Captain Canuck: The Complete Edition: written by Richard Comely and George Freeman; illustrated by George Freeman, Richard Comely, and J.C. St-Aubin; Captain Canuck created by Ron Leishman and Richard Comely (1975-1981; collected 2011): Canadian superhero Captain Canuck originally appeared in 1975. He would ultimately star in about 15 issues of his own comic book before finally vanishing in the early 1980's; later, there would be revivals, but this volume collects that first run.
Richard Comely would write and draw the first published adventures of Canuck. In those issues we met a hero who'd gained super-strength from an encounter with mysterious aliens. As he was a Mountie at the time, he would end up becoming a sort of super-Mountie for the growing world power that was Canada in the far-flung future of...the mid-1990's!

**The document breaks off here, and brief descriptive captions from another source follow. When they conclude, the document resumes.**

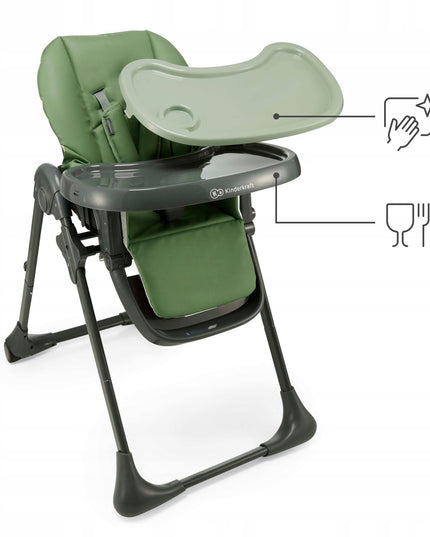 Kinderkraft Sulankstoma 2in1 maitinimo kėdutė ir gultukas TUMMIE Žalias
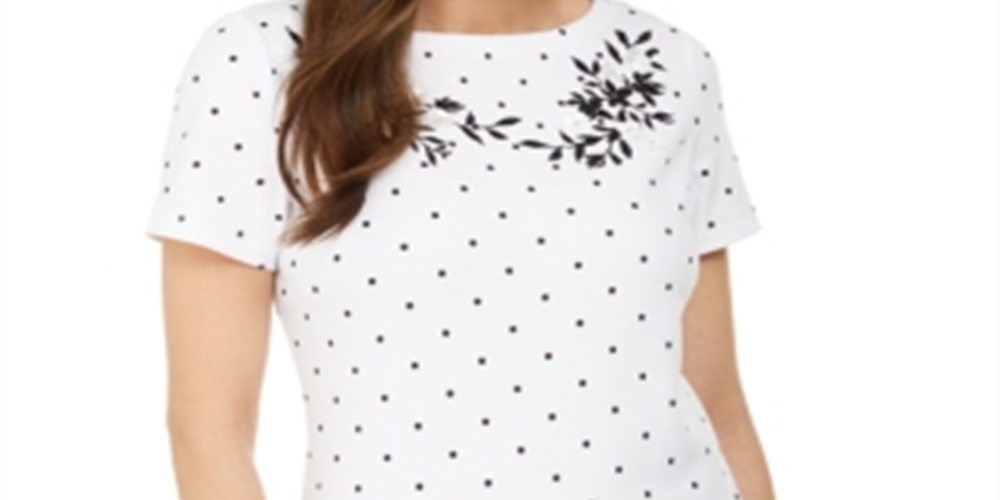 Karen Scott Blusa feminina de algodão com decote canoa e estampa bordada, tamanho grande, branca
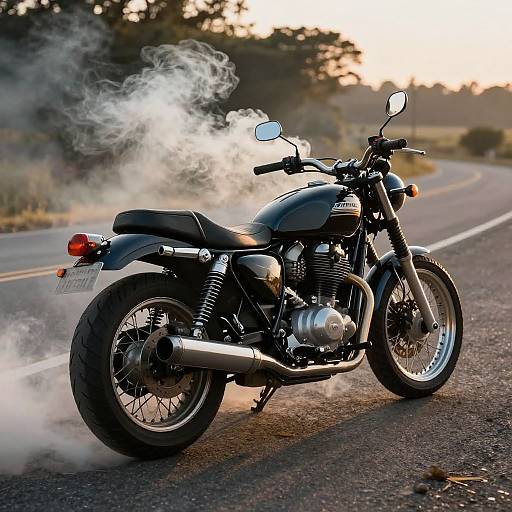 Cinematic Classic Motorcycle with Smoke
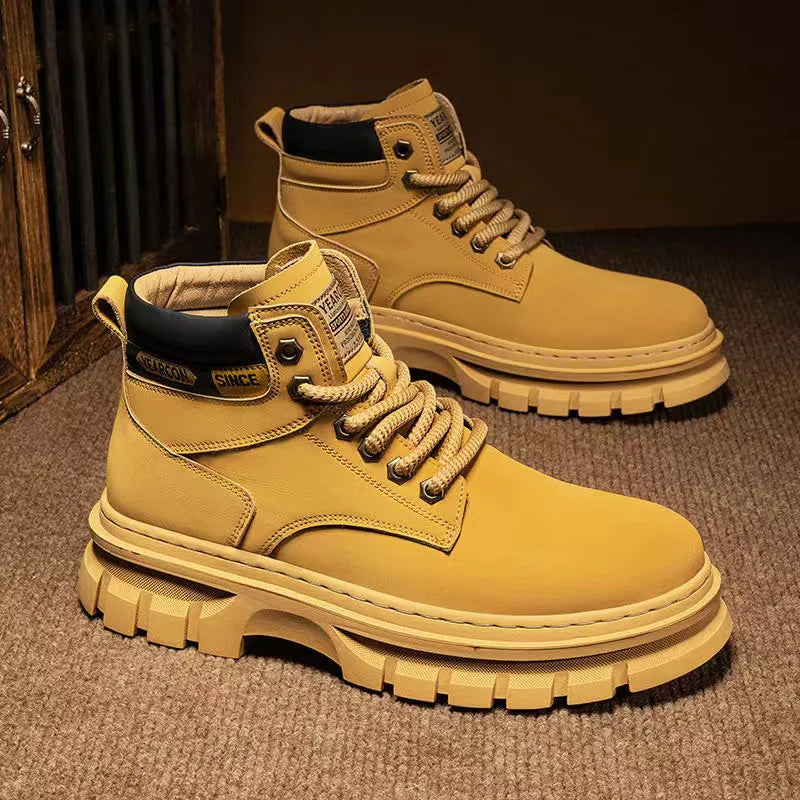 Vintage Men Platform Ankle Boots Autumn Winter British Chelsea Leather Boots Outdoor Non Slip Warm Casual Work Boot Botas Hombre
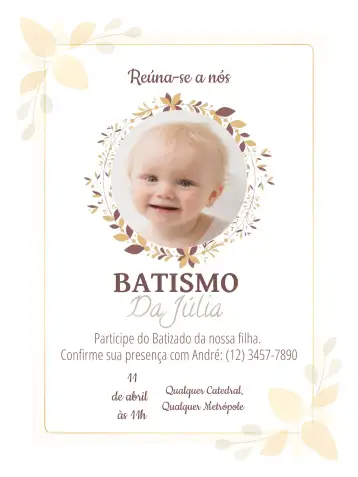 Convite Batizado Menina Floral Com Foto Batismo editável e personalizável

OK, so the book got technological and social changes really, really, really wrong. So it goes.
Comely was (and still is, I believe) a One-World Conspiracy adherent, and some of that creeps into the pages of Canuck (though not nearly as much as it did into another Comely project from the same time, Star Rider and the Peace Machine). For the most part, though, the book sticks to superheroics, often in vaguely James-Bond-like situations in the first few issues.
Where Captain Canuck really takes off is with the addition of writer/artist/colourist George Freeman and artist/colourist J.C. St-Aubin to the creative team. The colouring on Captain Canuck was markedly better than the mainstream offerings of DC and Marvel right from the start; Freeman and St-Aubin would make the book look remarkably good from a production standpoint. Freeman was also a much better, cleaner cartoonist than Comely.
By issue 9 or so, Captain Canuck looked great, and the stories had begun to flow more smoothly -- and to 'pop' as well with odd situations and characters. Not many comic books in any time period would have had the desire and the skilful creators to pull off an homage to (Canadian) Hal Foster's Prince Valiant; Captain Canuck does.
All things end, of course, and given the difficulty in securing adequate distribution, Captain Canuck was probably always doomed -- especially in a world in which comic shops were just starting to become the primary means of comic-book distribution. The book ends on a cliffhanger. So it goes. Recommended.